Short text fragments from websites:
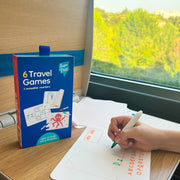 Travel Game (6 jeux nomades effaçables) - Super Petit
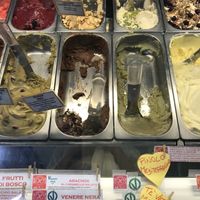 Vegan ice cream at Gelateria Cipriani in Pistoia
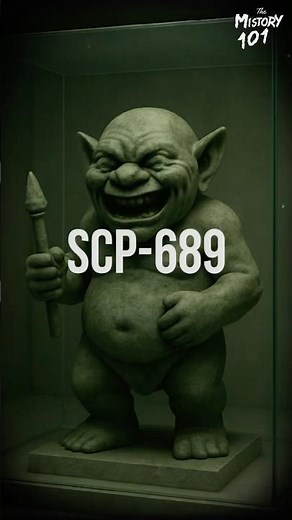 SCP-689 รูปปั้นต้องห้าม #horror #ghost #facts #creepypasta #creepy #น่ากลัว #scp #shorts #scary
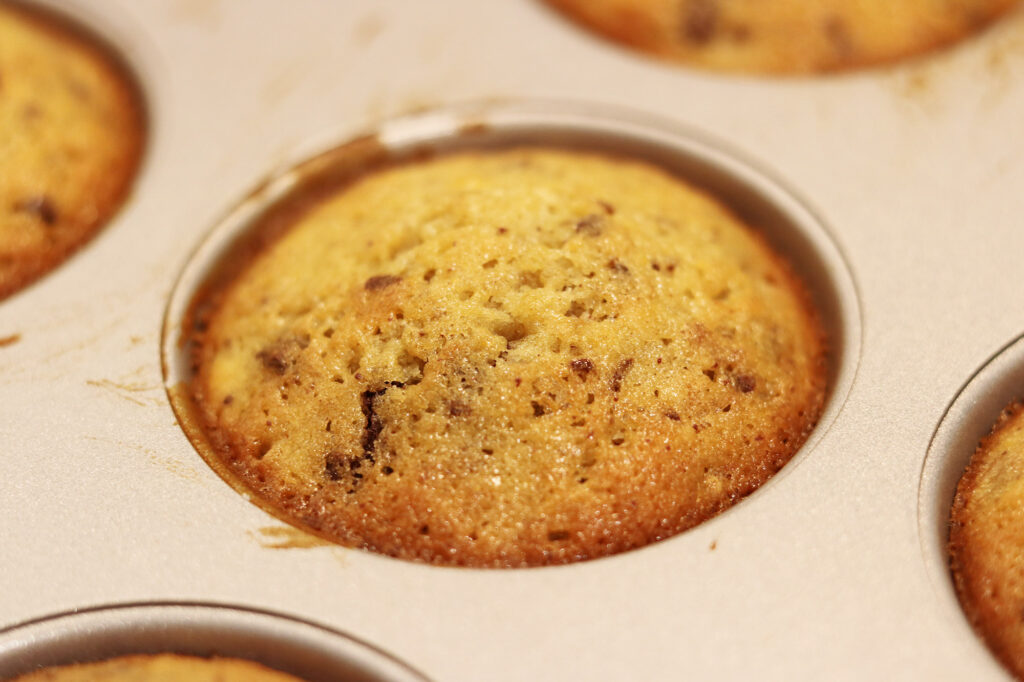 Opskrift: Bananmuffins med Chokolade og Valnødder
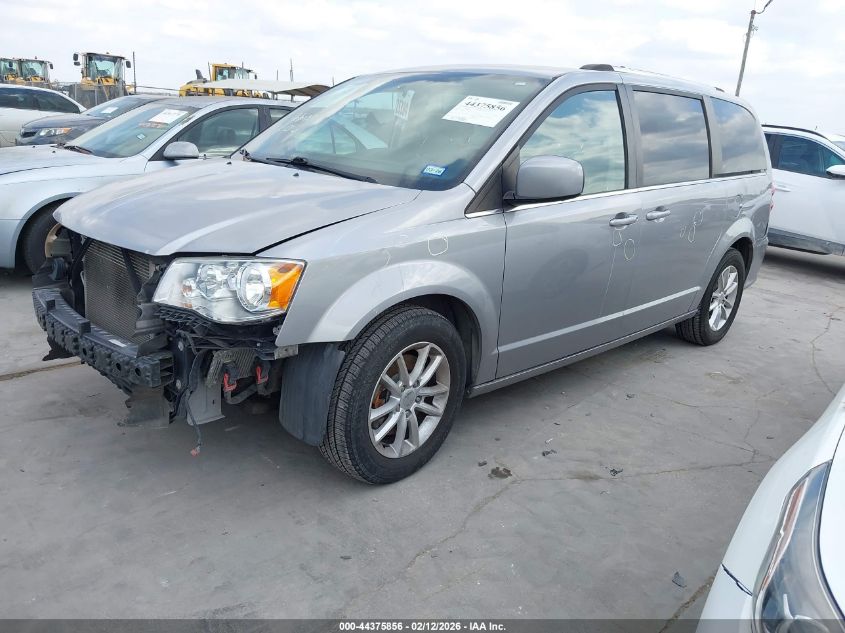 2018 Dodge Grand Caravan Sxt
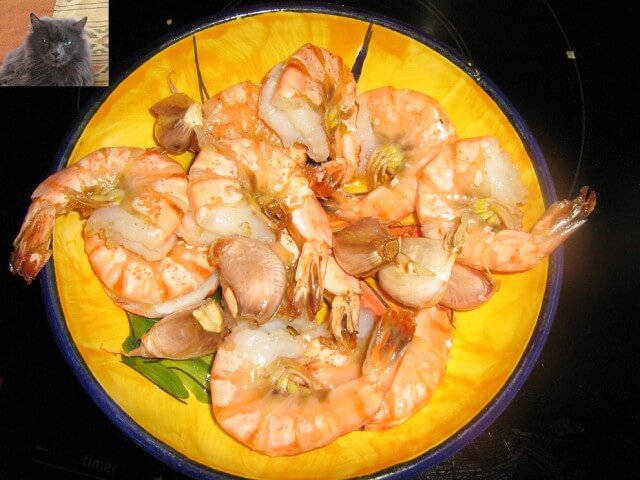 photo of Perfectly Fried Shrimp With Garlic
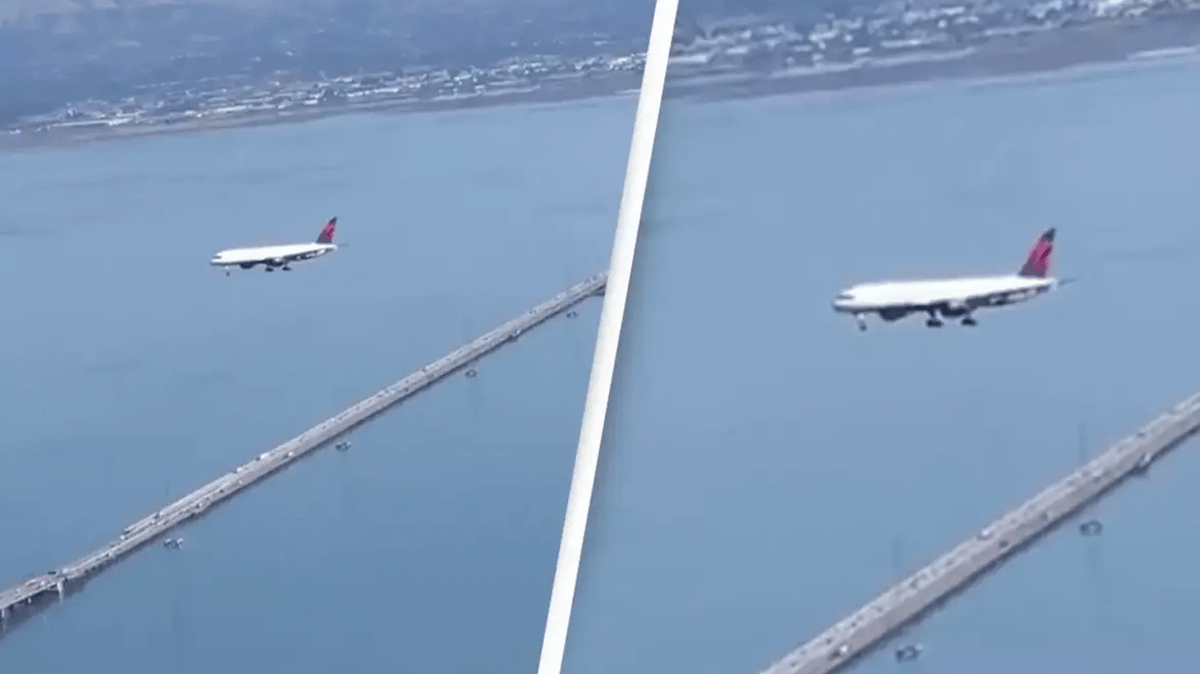 People baffled by 'glitch in the matrix' after spotting plane ‘stopped ...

◆ Task item: The task calls for repeating each line above exactly while excluding the pictures.

◆ Reply to the exercise:
 Travel Game (6 jeux nomades effaçables) - Super Petit
 Vegan ice cream at Gelateria Cipriani in Pistoia
 SCP-689 รูปปั้นต้องห้าม #horror #ghost #facts #creepypasta #creepy #น่ากลัว #scp #shorts #scary
 Opskrift: Bananmuffins med Chokolade og Valnødder
 2018 Dodge Grand Caravan Sxt
 photo of Perfectly Fried Shrimp With Garlic
 People baffled by 'glitch in the matrix' after spotting plane ‘stopped ...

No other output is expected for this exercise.